In the records below, the part to copy starts at the line containing "Here we've got" and goes to the last line; output it exactly, without pictures.

(Data records)
Segment Open
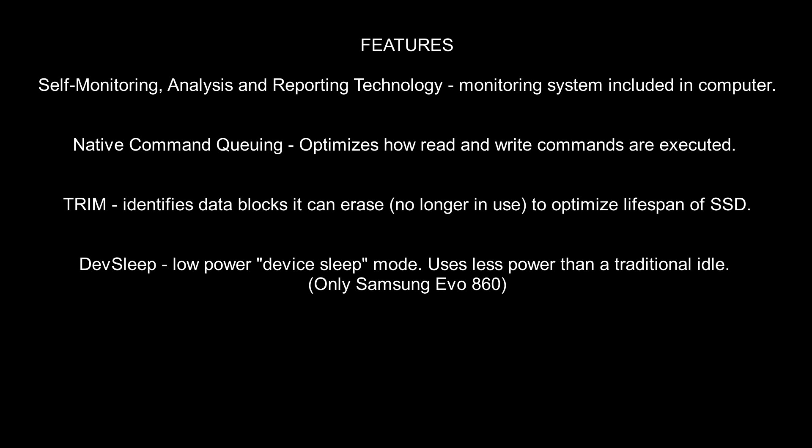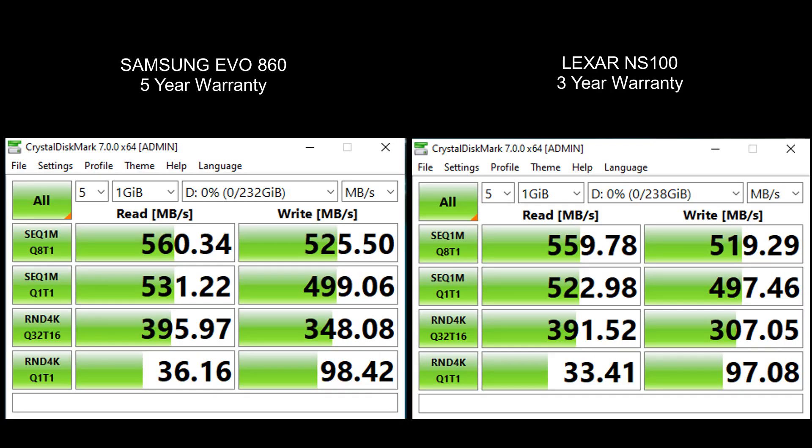The Samsung was $70, the Lexar was $33, and you can get the Samsung now for about $50 on sale — still a $17 price difference. It really depends on what you need. In terms of the CrystalDiskMark speed test, the Samsung is faster than the Lexar across each category.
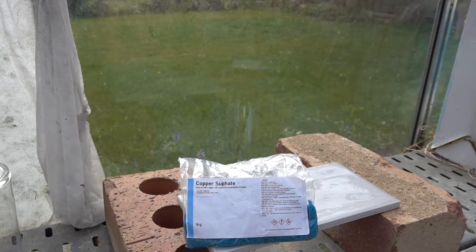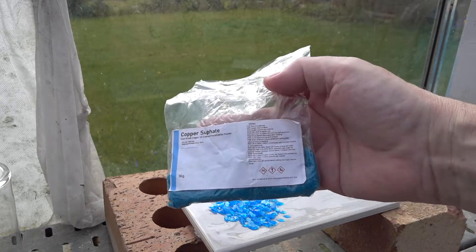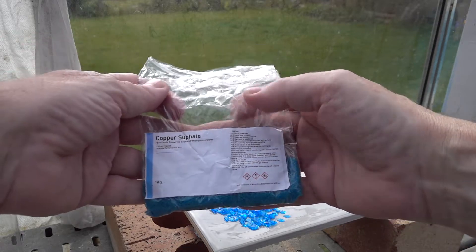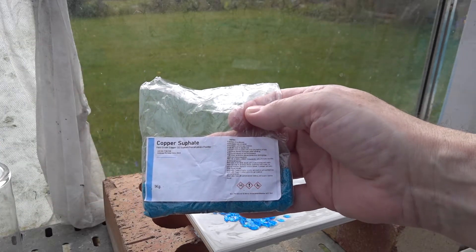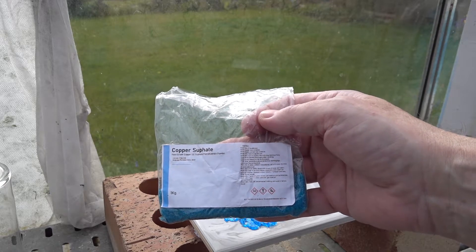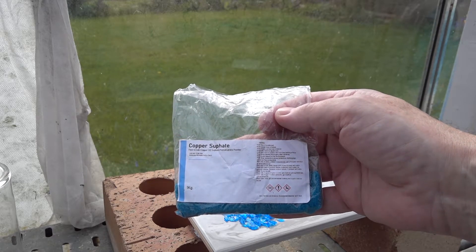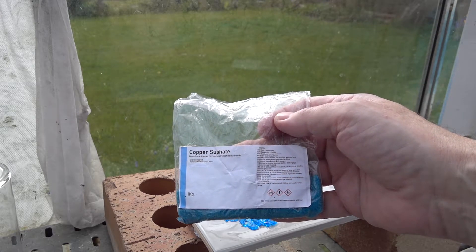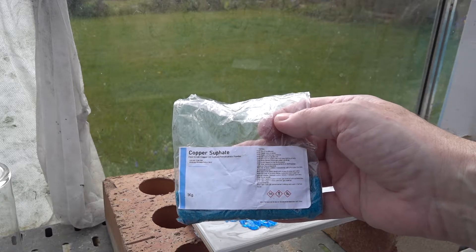Here we've got some copper sulfate from an online chemical supplier. If we read the hazard warnings, it says it causes skin irritation, is toxic if swallowed, and is very toxic to aquatic life. So we need to be careful with it. If it comes in contact with the skin, we need to wash our hands immediately.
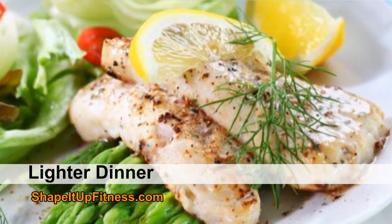Number two: make sure you eat a lighter dinner. In the summertime, a lot of times we don't want that heavy comfort food that we have in the winter, like soups and meatloafs and stuff like that. Try to keep your dinner nice and light, fresh. Think fresh foods, light foods that aren't going to be heavy and laden down in your stomach — grilled fish, grilled chicken, vegetables. Try to get your dinner a little bit lighter.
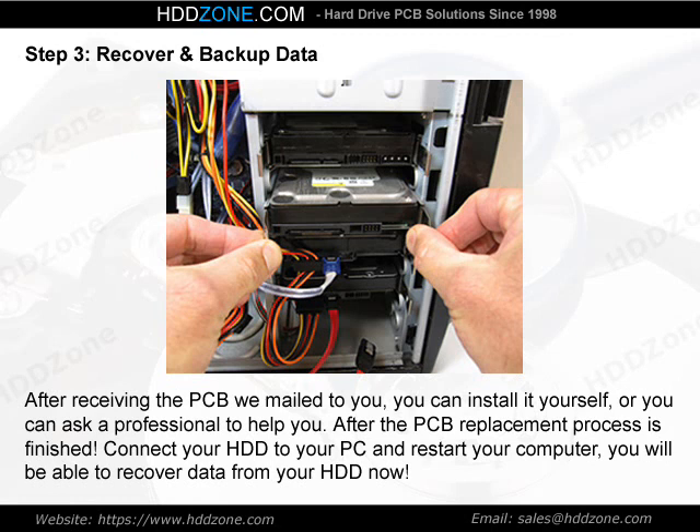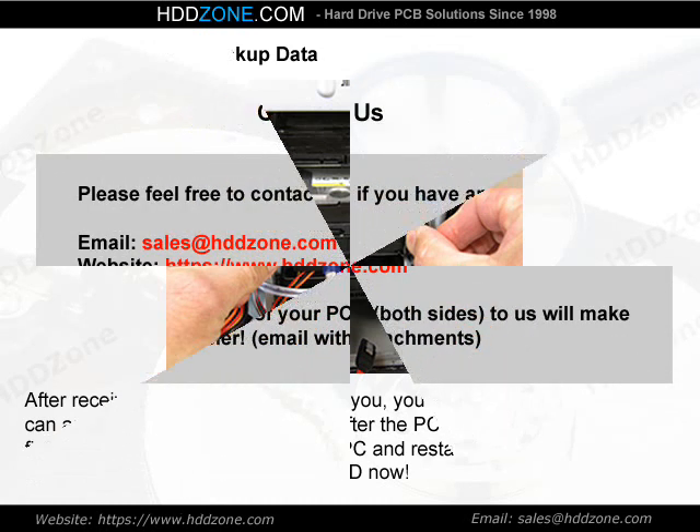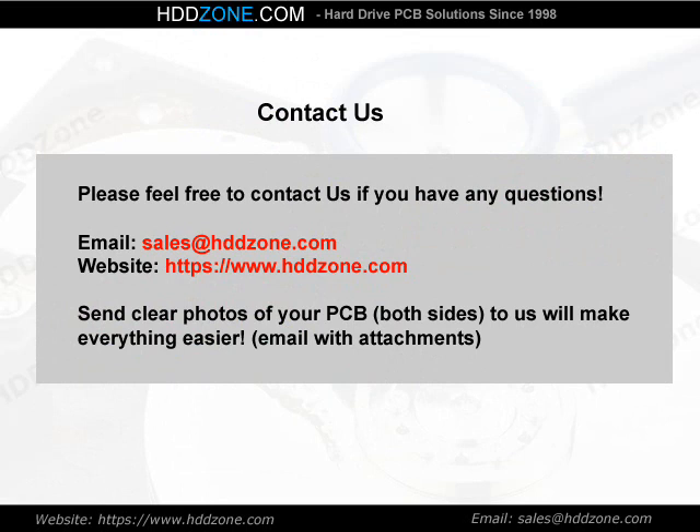Step 3: Recover and backup data. After receiving the PCB we mailed to you, you can install it yourself, or you can ask a professional to help you. After the PCB replacement process is finished, connect your HDD to your PC and restart your computer. You will be able to recover data from your HDD now. Step 4: Recover and backup.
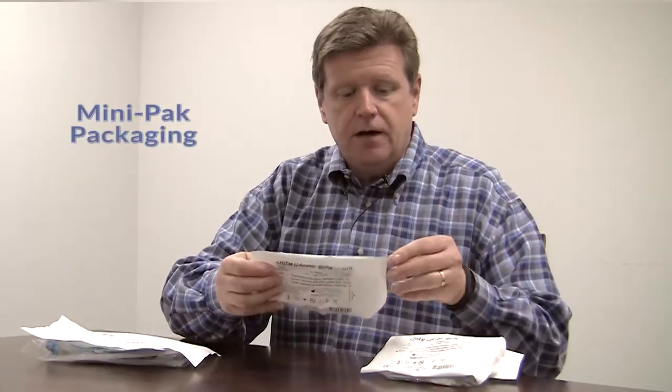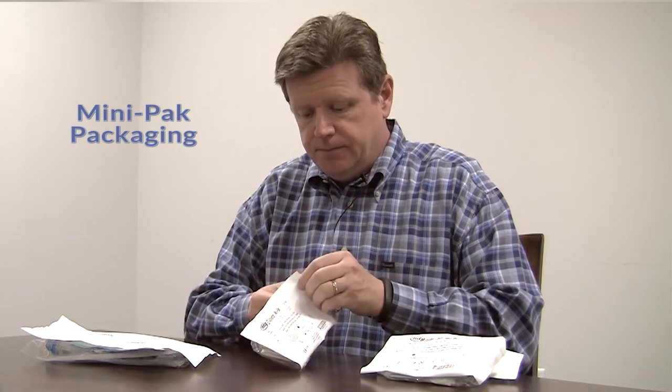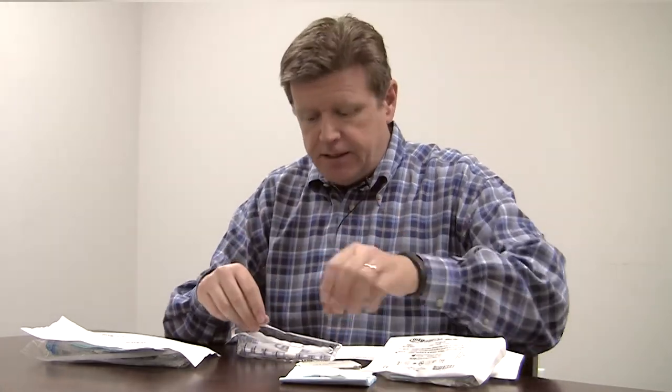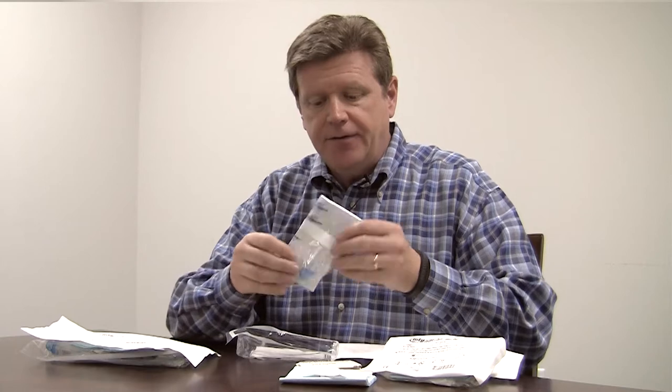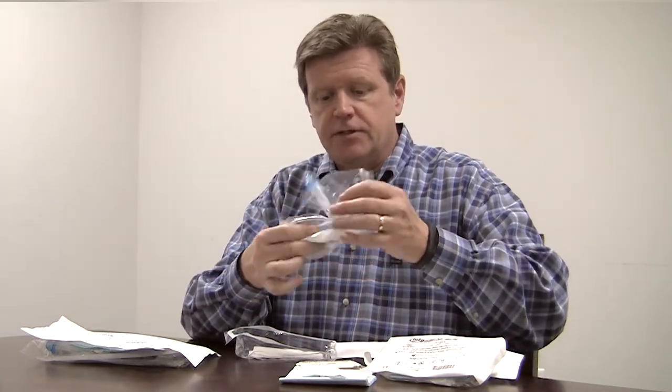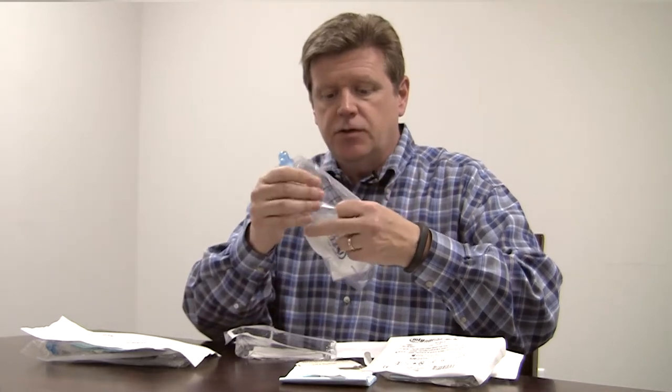The components included in our Mini-Pak version are virtually identical, with just a couple minor differences. Sterile cuff folded gloves, underpad — and you can see it's been folded to fit into the Mini-Pak — an antiseptic wipe as opposed to the swab sticks, but this does work just as well. We do have a gauze pad in there to clean up afterwards, and this is the catheter. You'll notice that even though it's folded, it's virtually the same size as the one I showed a second ago.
Segment Closed
- EXERCISE ANSWER:
Here we've got some copper sulfate from an online chemical supplier. If we read the hazard warnings, it says it causes skin irritation, is toxic if swallowed, and is very toxic to aquatic life. So we need to be careful with it. If it comes in contact with the skin, we need to wash our hands immediately.
Number two: make sure you eat a lighter dinner. In the summertime, a lot of times we don't want that heavy comfort food that we have in the winter, like soups and meatloafs and stuff like that. Try to keep your dinner nice and light, fresh. Think fresh foods, light foods that aren't going to be heavy and laden down in your stomach — grilled fish, grilled chicken, vegetables. Try to get your dinner a little bit lighter.
Step 3: Recover and backup data. After receiving the PCB we mailed to you, you can install it yourself, or you can ask a professional to help you. After the PCB replacement process is finished, connect your HDD to your PC and restart your computer. You will be able to recover data from your HDD now. Step 4: Recover and backup.
The components included in our Mini-Pak version are virtually identical, with just a couple minor differences. Sterile cuff folded gloves, underpad — and you can see it's been folded to fit into the Mini-Pak — an antiseptic wipe as opposed to the swab sticks, but this does work just as well. We do have a gauze pad in there to clean up afterwards, and this is the catheter. You'll notice that even though it's folded, it's virtually the same size as the one I showed a second ago.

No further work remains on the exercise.